Caption-style text data:

* * *

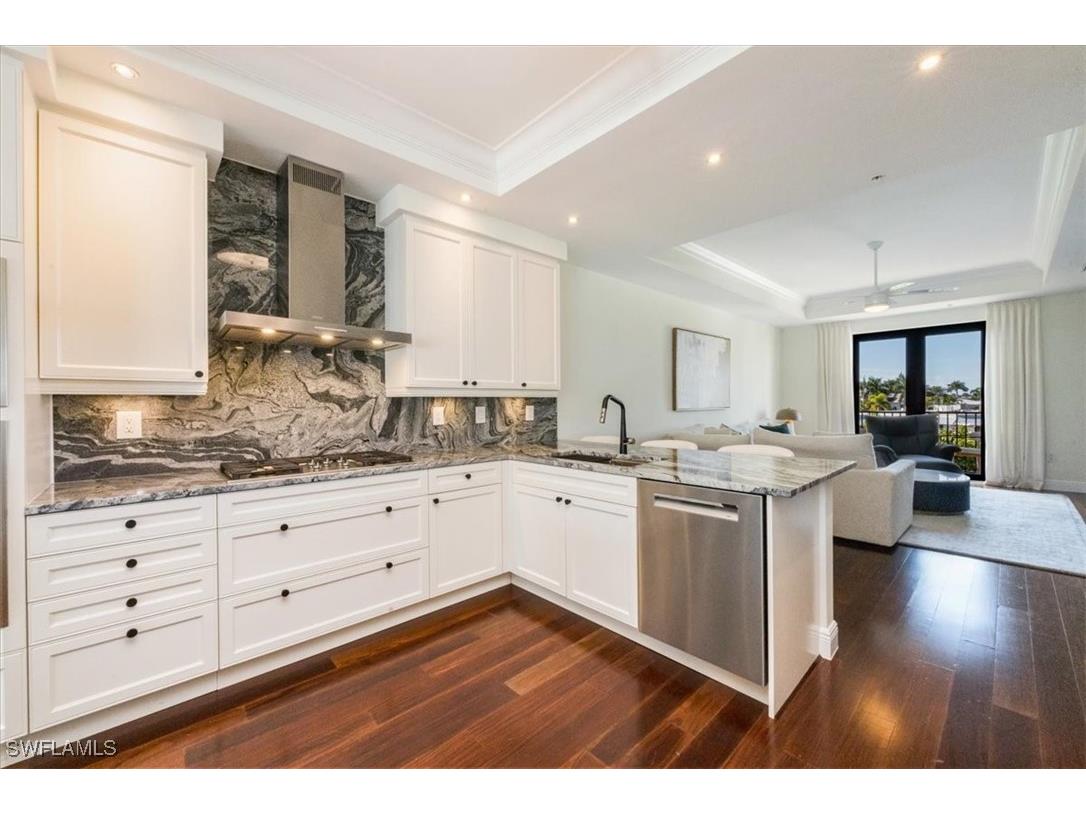 1530 5th Avenue S #208C Naples FL 34102 225024500 image11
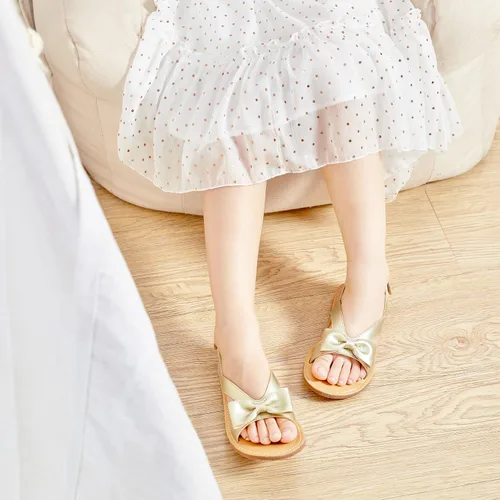Vista 3 de Felix & Flora Sandalias para niña pequeña - Zapatos de vestir para niña de flores, puntera abierta, zapatos planos de verano para niños pequeños
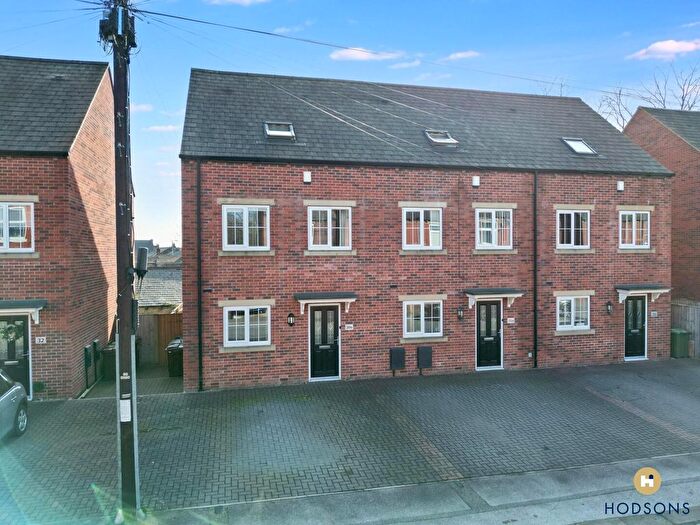3 Bedroom Town House For Sale In Medlock Road, Horbury, Wakefield, WF4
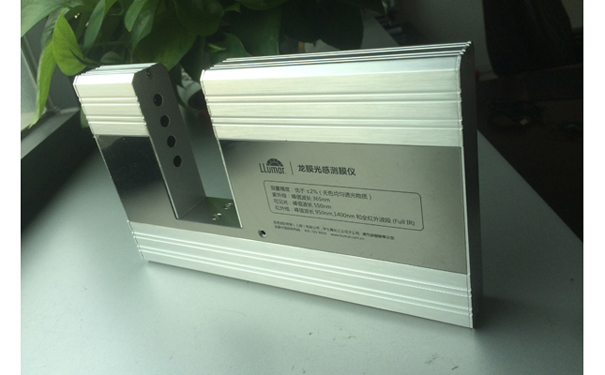 太陽膜測(cè)試儀反面 太陽膜測(cè)試儀反面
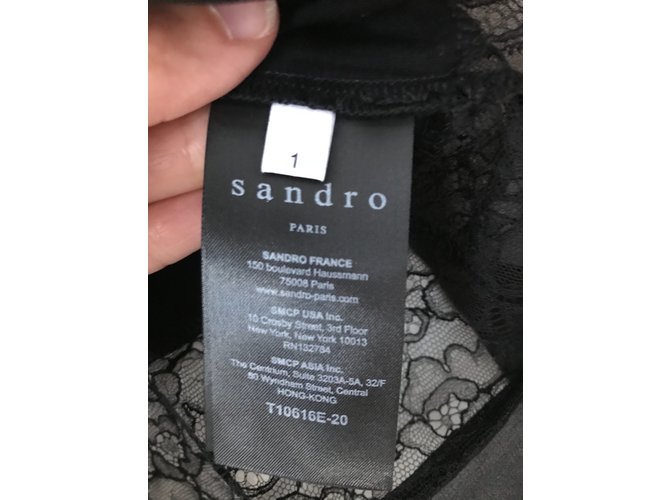 Top Sandro de algodón negro con inserciones de encaje - vista 4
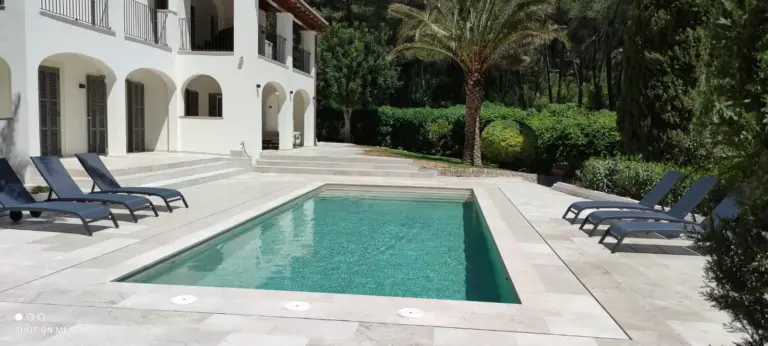 https://allround-mallorca.com/wp-content/uploads/2025/09/poolbereich-nachher-1-768x346.webp
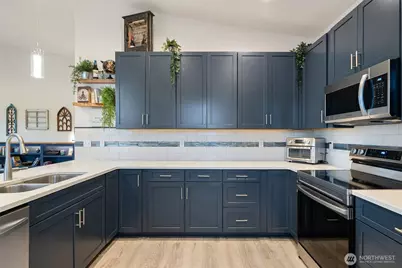 17 E Sellegren Road, Allyn, WA 98524 - Photo 21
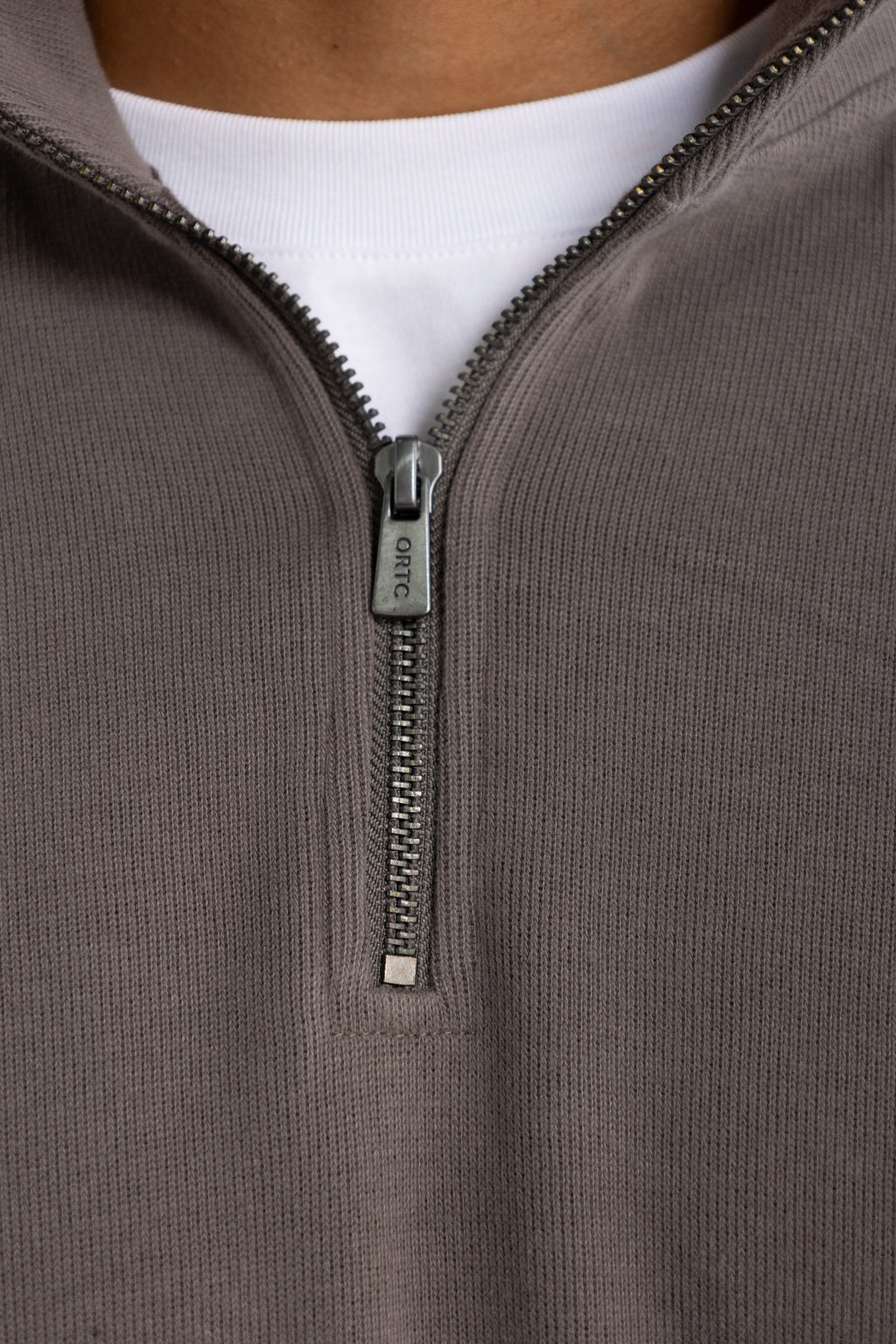Aiden Quarter Zip Espresso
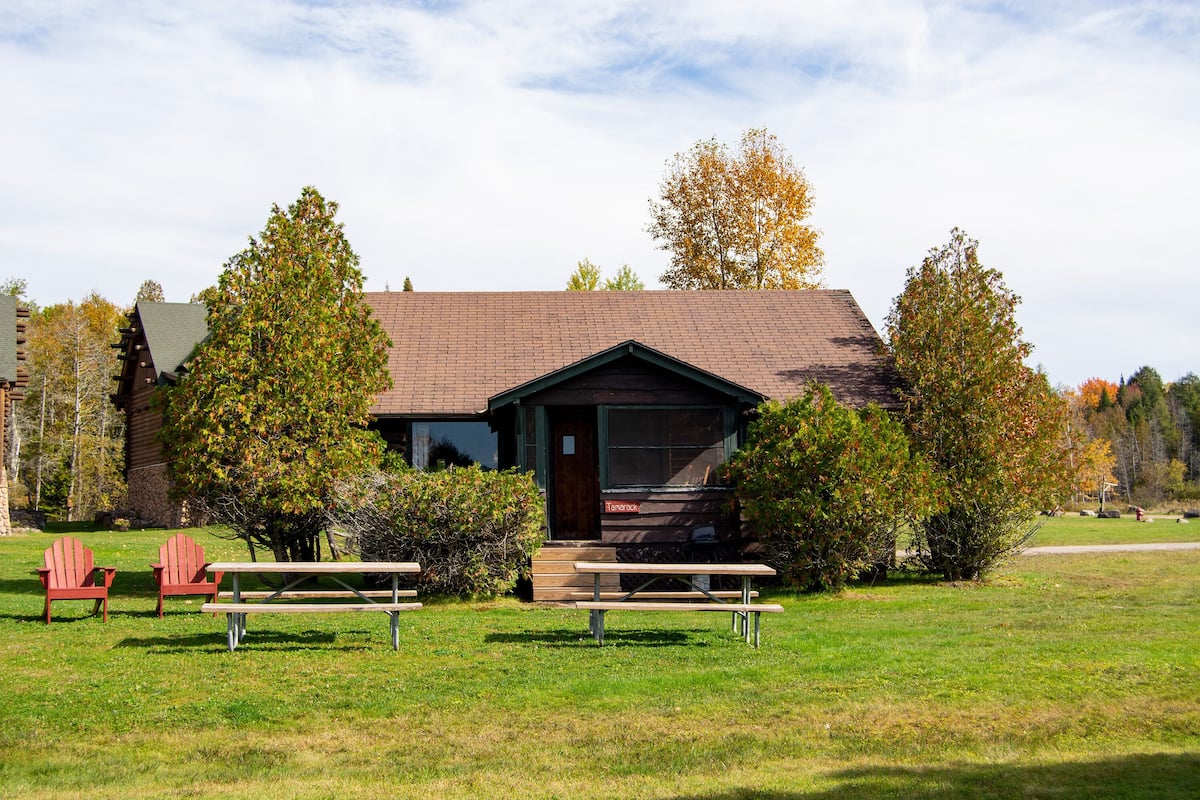 Traditional Cabin, 3 Bedrooms, Partial Lake View | 3 bedrooms, individually decorated, individually furnished, free WiFi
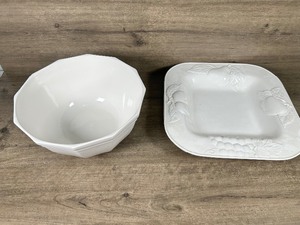 lot 310 image: White Ceramic Serving Bowl and Platter Set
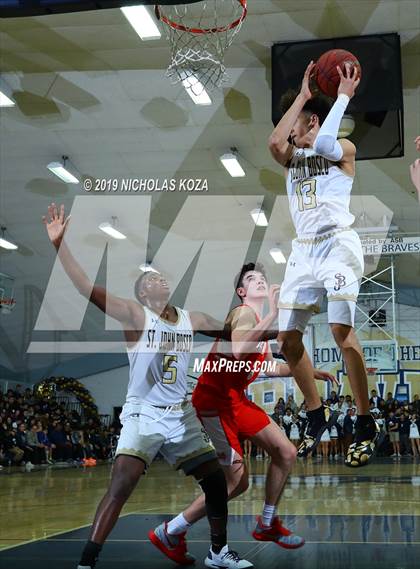 Thumbnail 2 in Mater Dei vs. St. John Bosco photogallery.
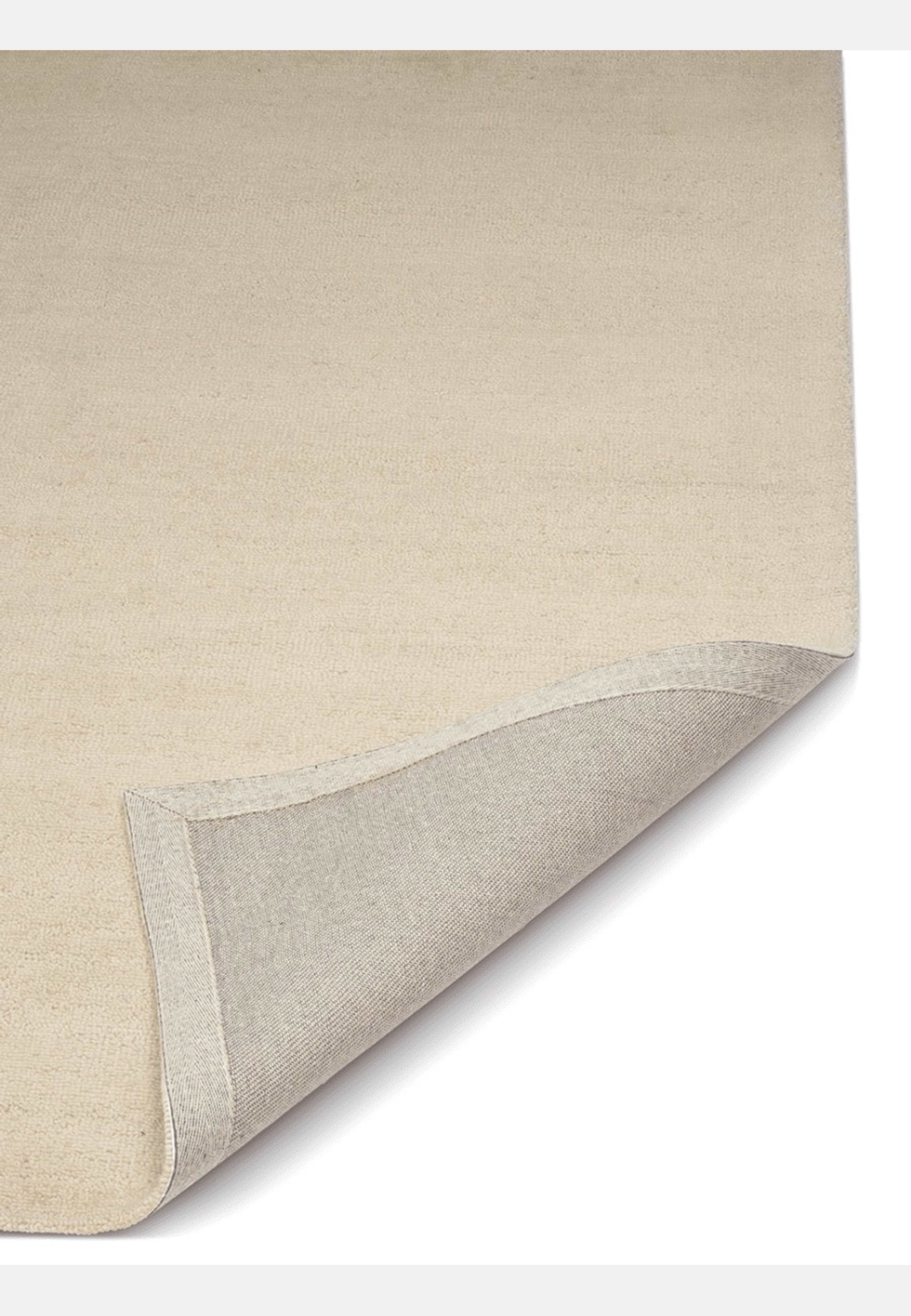 Matta Boucle 250x350 cm, från Classic Collection, i färgen beige. Klicka för att öppna bilden i stort format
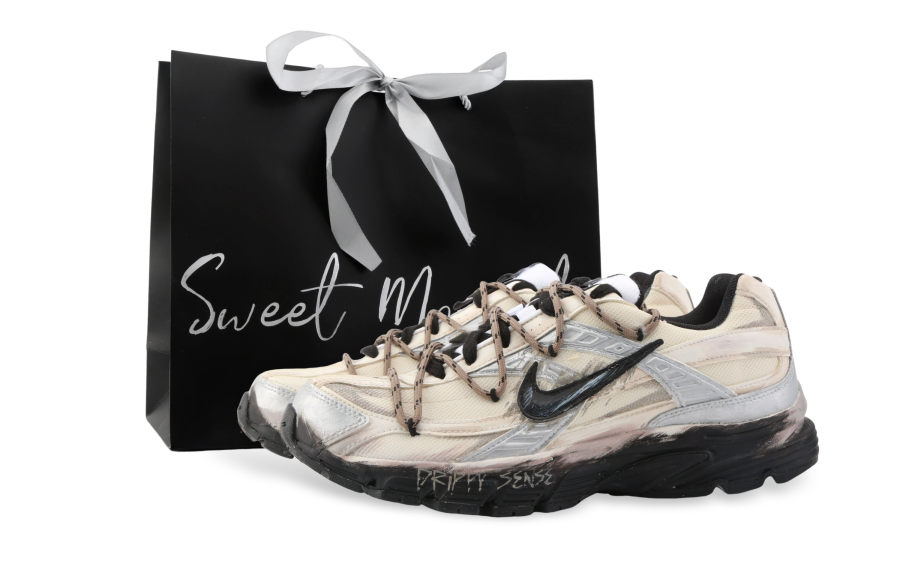 Nike Nike Initiator Low top Running Shoes Unisex Black Beige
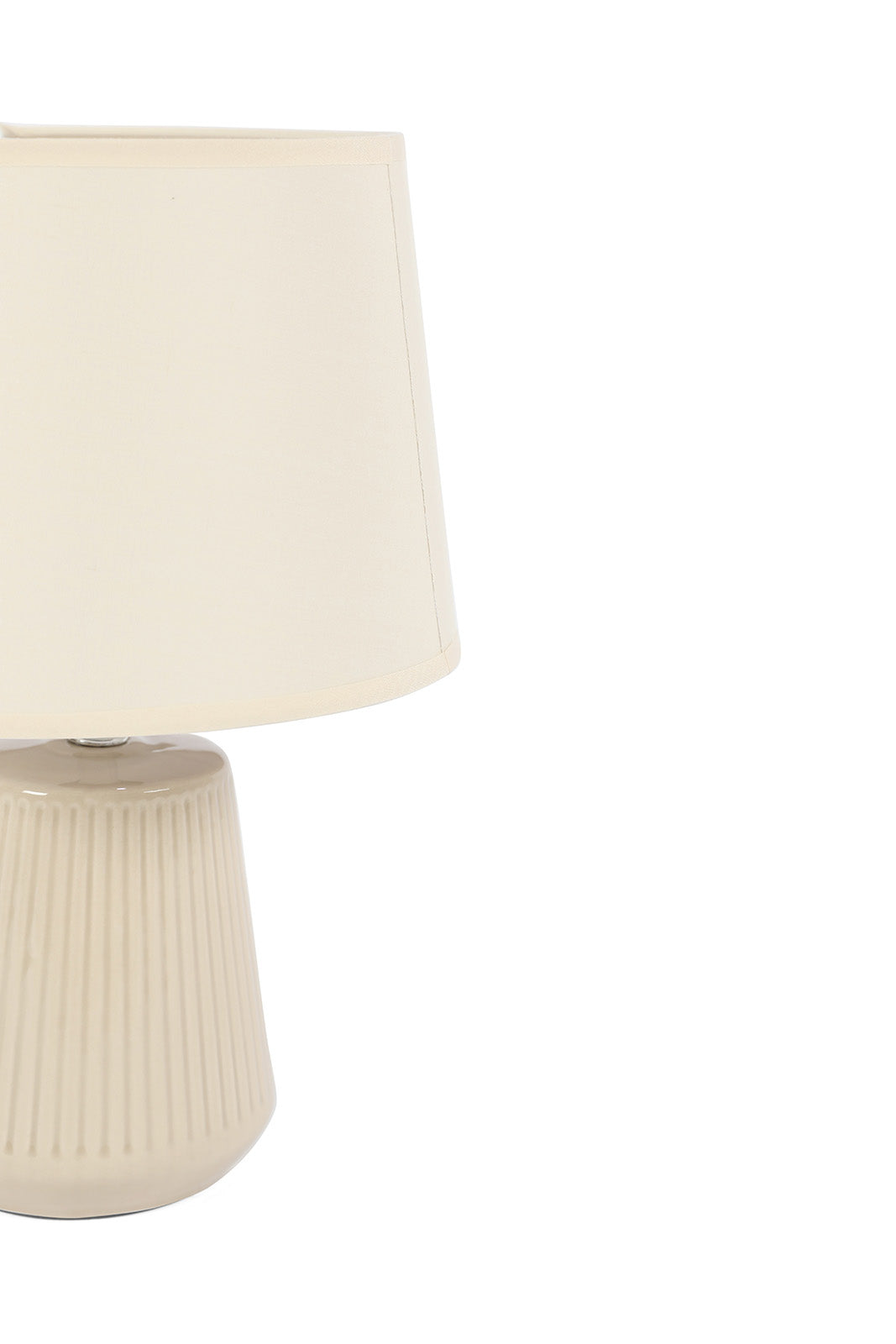 Beige Ceramic Embossed Table Lamp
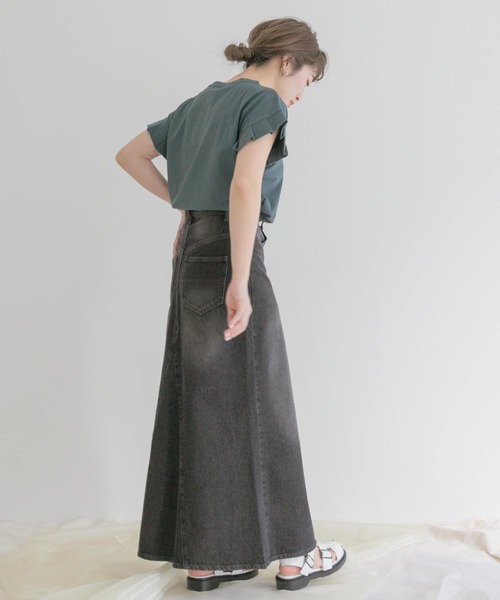 ITEMS URBANRESEARCH（アイテムズ アーバンリサーチ）の「デニムリメイクスカート（デニムスカート・レディース・ブラック/インディゴブルー・MEDIUM/SMALL）」の9枚目の写真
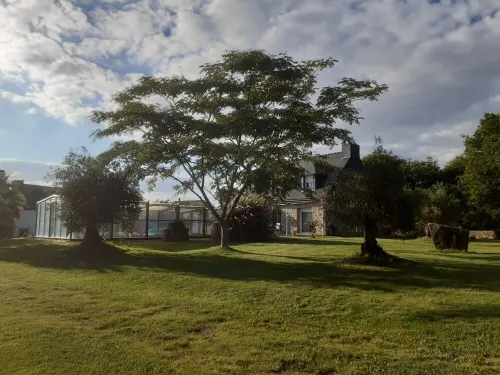 Beautiful Breton house with swimming pool Hotels in Pluvigner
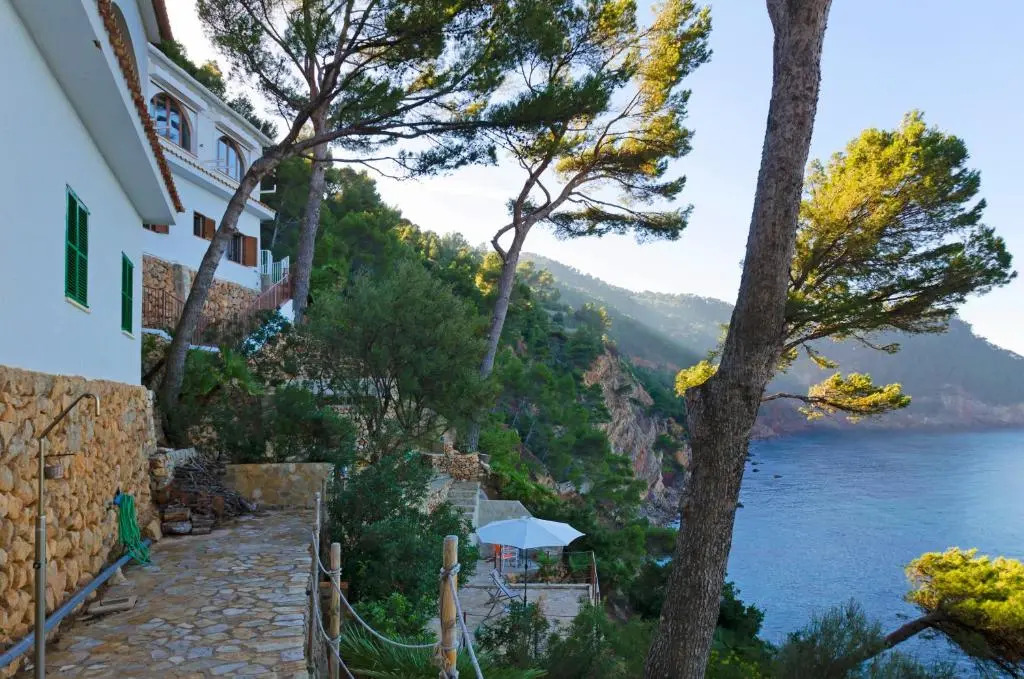 Maripins. Villa con jacuzzi y vistas únicas al mar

* * *

Give back exactly the lines running from the one that contains "17 E Sellegren" to the end of the records, including both of those lines and excluding every picture.

 17 E Sellegren Road, Allyn, WA 98524 - Photo 21
Aiden Quarter Zip Espresso
 Traditional Cabin, 3 Bedrooms, Partial Lake View | 3 bedrooms, individually decorated, individually furnished, free WiFi
 lot 310 image: White Ceramic Serving Bowl and Platter Set
 Thumbnail 2 in Mater Dei vs. St. John Bosco photogallery.
 Matta Boucle 250x350 cm, från Classic Collection, i färgen beige. Klicka för att öppna bilden i stort format
 Nike Nike Initiator Low top Running Shoes Unisex Black Beige
 Beige Ceramic Embossed Table Lamp
 ITEMS URBANRESEARCH（アイテムズ アーバンリサーチ）の「デニムリメイクスカート（デニムスカート・レディース・ブラック/インディゴブルー・MEDIUM/SMALL）」の9枚目の写真
 Beautiful Breton house with swimming pool Hotels in Pluvigner
 Maripins. Villa con jacuzzi y vistas únicas al mar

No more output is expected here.